### WHAT YOU NEED TO DO:
Set down exactly the lines running from the one with "בית מלון כפרי Cambirela" to the last line of the listing below, both included, and skip every picture.

### INPUT DATA:
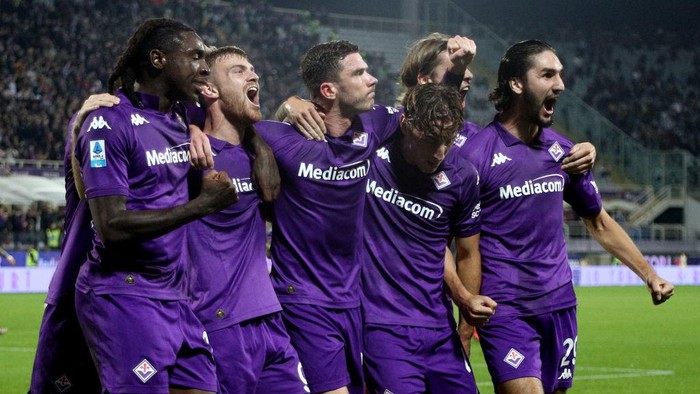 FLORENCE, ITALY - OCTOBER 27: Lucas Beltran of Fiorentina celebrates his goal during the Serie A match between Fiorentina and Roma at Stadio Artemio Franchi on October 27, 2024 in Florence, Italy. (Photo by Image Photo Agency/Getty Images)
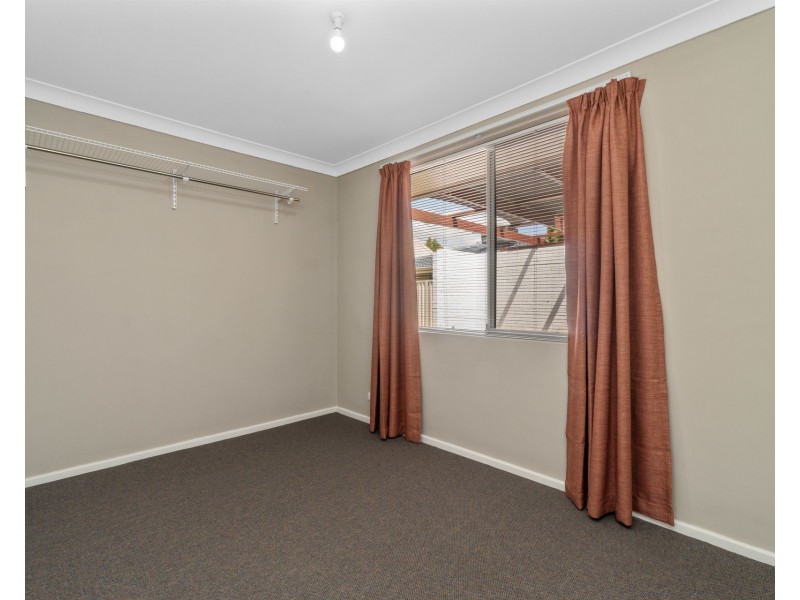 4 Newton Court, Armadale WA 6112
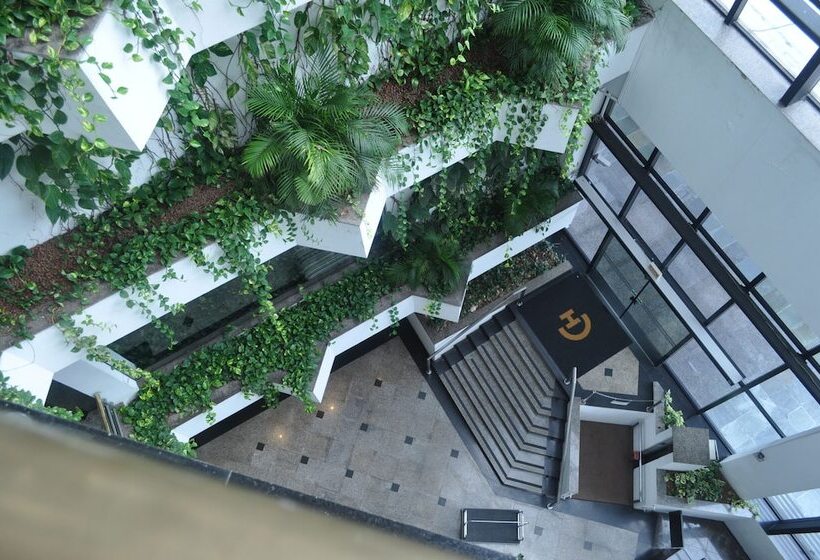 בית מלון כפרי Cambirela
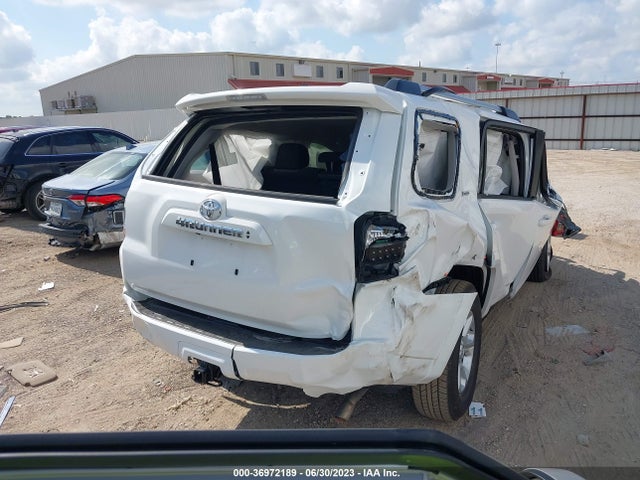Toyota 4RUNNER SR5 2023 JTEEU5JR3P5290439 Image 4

### WRITTEN ANSWER:
 בית מלון כפרי Cambirela
Toyota 4RUNNER SR5 2023 JTEEU5JR3P5290439 Image 4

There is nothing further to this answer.